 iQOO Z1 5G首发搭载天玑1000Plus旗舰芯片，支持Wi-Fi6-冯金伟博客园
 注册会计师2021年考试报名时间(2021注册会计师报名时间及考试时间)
+ + + +
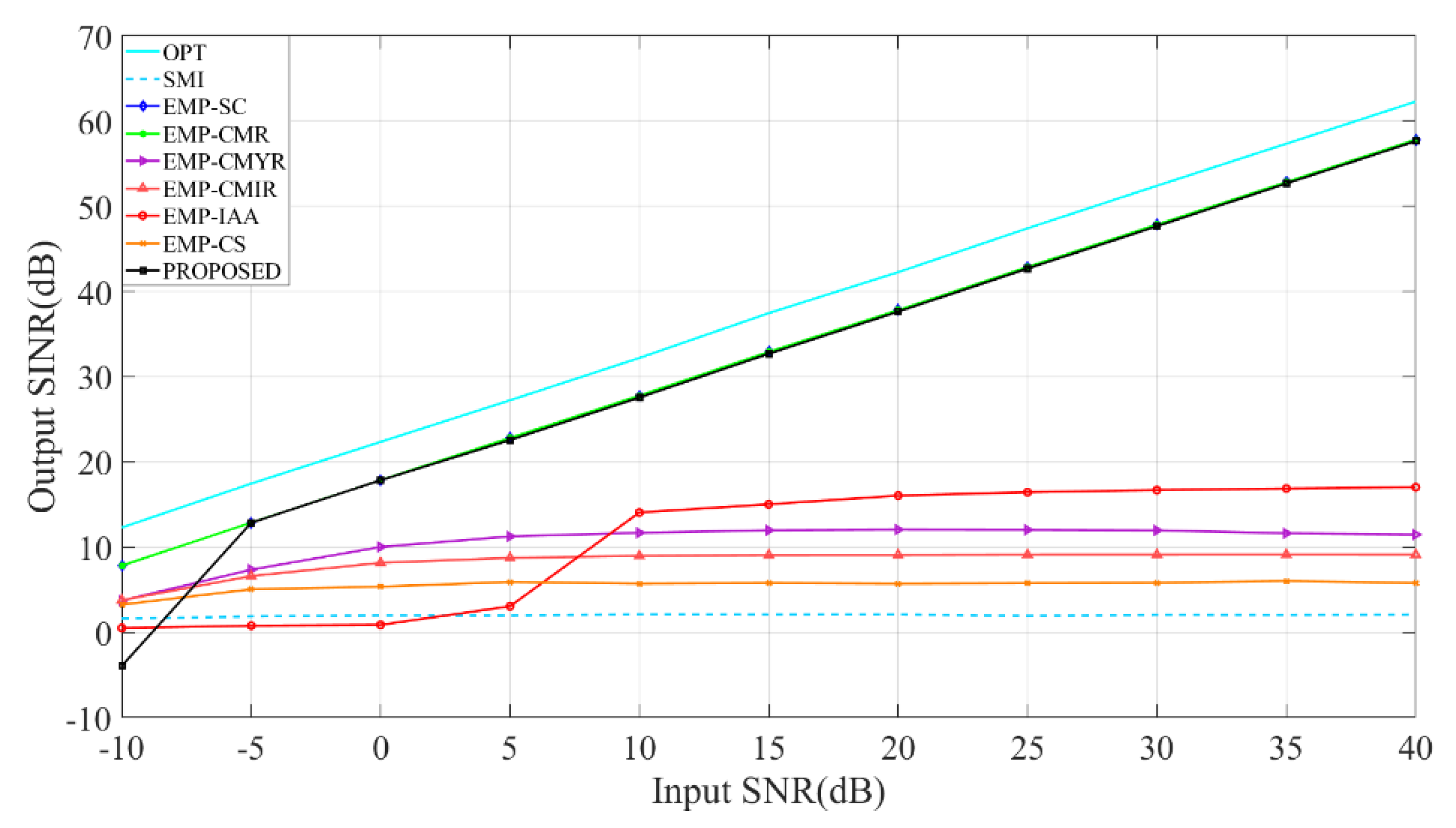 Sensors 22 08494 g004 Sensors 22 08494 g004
+ + + +
**GOAL OF THE EXERCISE:**
Exactly the lines above from the one with "iQOO Z1 5G首发搭载天玑1000Plus旗舰芯片，支持Wi-Fi6-冯金伟博客园" to the one with "注册会计师2021年考试报名时间(2021注册会计师报名时间及考试时间)", both included, are to be quoted; leave the rest out.

**ANSWER TO THE PROBLEM:**
 iQOO Z1 5G首发搭载天玑1000Plus旗舰芯片，支持Wi-Fi6-冯金伟博客园
 注册会计师2021年考试报名时间(2021注册会计师报名时间及考试时间)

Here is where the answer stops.